In fact, when I listen to his songs, it's almost too much. If I care to be honest, I'm still affected by his death and find it easier to ignore it and how impactful Lennon was on my life. But as humans tend towards the ritualistic, I too find myself wanting to pay tribute to Lennon each year around this time. To share his songs, to show appreciation for what he gave us musically, and to acknowledge his importance to me, especially growing up in the cultural vacuum that was the San Fernando Valley in the late 60's-early 70's.
First up is Tomorrow Never Knows. Lennon said he took one of Ringo's famous malapropisms for the title, to take the edge off the heavy philosophical lyrics. It was unique for its time, a song played in just one chord, psychedelic and trippy.
Next is In My Life. Lennon could be deadly serious, sarcastic and cutting, so for him to write such a positive, upbeat song makes it that much more meaningful.
Lennon's voice is so ... haunting is the only word. He conveyed so much with his phrasing and his voice is a key element to the effect that A Day in the Life has. The way he sustains the notes, the soft vibrato, the gentleness of the vocal contrasting with the harsh lyrics...just breathtaking. This is a beautiful fan video made to mark what would have been John's 70th birthday last year.
I think Lennon's voice is so under-appreciated. This song, You've Got to Hide Your Love Away, is another example of his pouring so much emotion into his vocals. Right in the middle of the silly, funny movie "Help!" you find this song full of recrimination and hopelessness. The growl when he sings "Hey" still gets to me. This was the precursor to the similarly dejected Jealous Guy.

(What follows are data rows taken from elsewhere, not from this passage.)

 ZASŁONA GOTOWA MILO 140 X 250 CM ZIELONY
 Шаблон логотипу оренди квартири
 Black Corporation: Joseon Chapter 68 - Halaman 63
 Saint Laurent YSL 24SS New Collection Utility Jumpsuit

I"m including Nowhere Man primarily for the chorus. When he sings those six notes "nowhere man, please listen" his voice is just so pure and gentle. Every time I hear those notes, it's just such a sad, plaintive sound, it just tugs at my heart. How he managed to make something so simple sound so moving, is a mystery. I don't get why it works, and why more complicated melodies may not have the same effect. But it was interesting to see that Lennon came up with the song after struggling for some time to write another song for "Rubber Soul." As he told an interviewer, "I'd spent five hours that morning trying to write a song that was meaningful and good, and I finally gave up and lay down. Then 'Nowhere Man' came, words and music, the whole damn thing as I lay down." It's amazing how the creative process works.

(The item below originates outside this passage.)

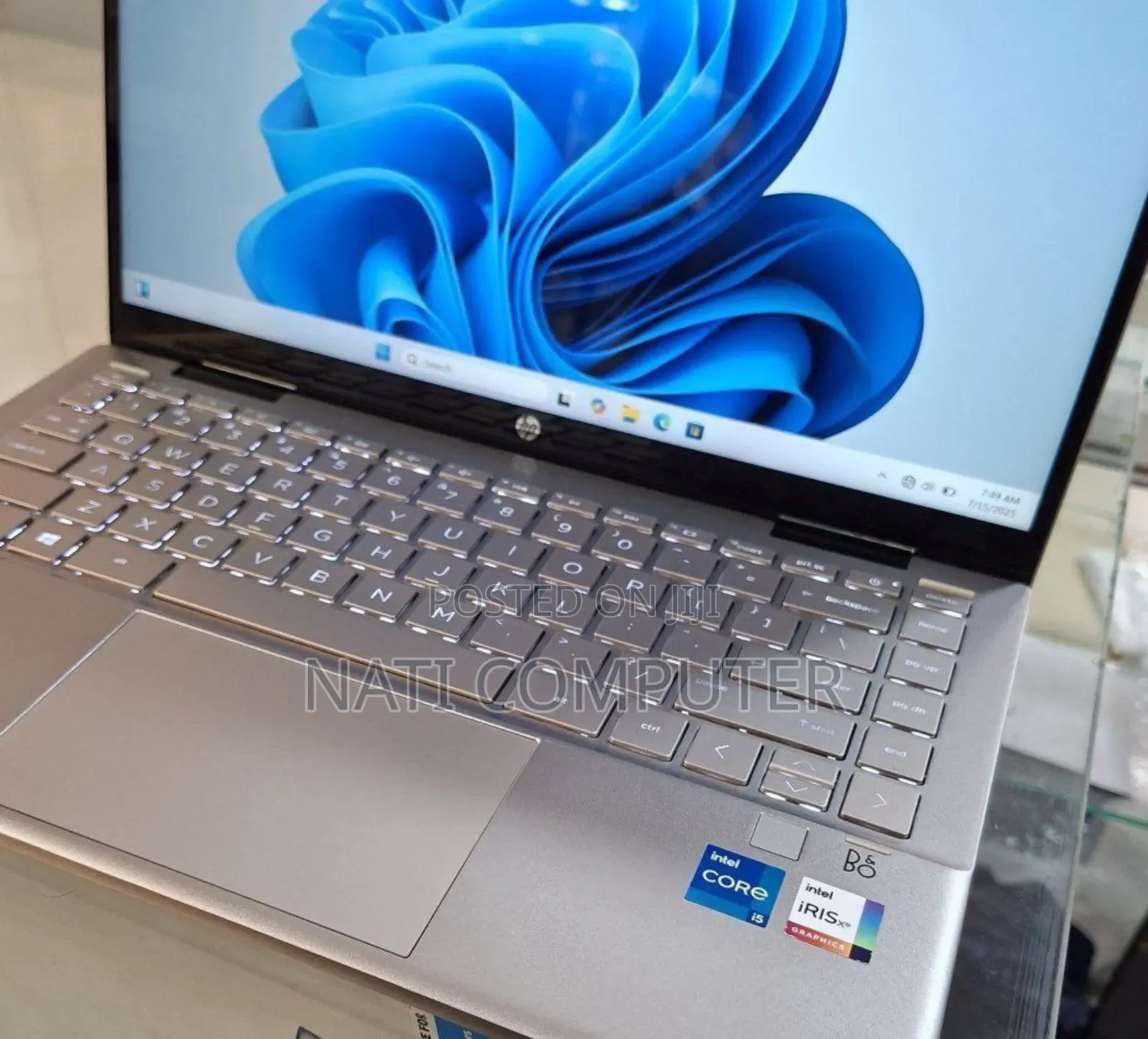 New Laptop HP Pavilion 14 8GB Intel Core I5 SSD 512GB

Finally, Across the Universe. This song is so intoxicating. While not my favorite vocal, it has some of my favorite lyrics. In fact, in an interview Lennon discussed problems during the recording of the song, which shed a light on the tension between Lennon and McCartney that lead to the band's break up. He told another interviewer, though, that he was proud of the lyrics. "It's one of the best lyrics I've written. In fact, it could be the best."
I wrote this last year on what would have been John's 70th birthday. There were a couple songs mentioned then that I included now, but the focus was more on John's solo work and the impact he has made on many generations to come. The word genius is tossed around way too much, but if anyone deserves that label, it is Lennon: http://burnthismedia.blogspot.com/2010/10/imagine-john-lennon-at-70.html
I wrote two months later on the twentieth anniversary of John's death, the focus on John's last album. I think I'm making progress as I can listen to today's song with more joy than sadness: http://burnthismedia.blogspot.com/2010/12/john-lennon-10-9-40-12-8-80.html.
I'll try not to be glum today and focus on the music and the lyrics and the memories. So many good memories.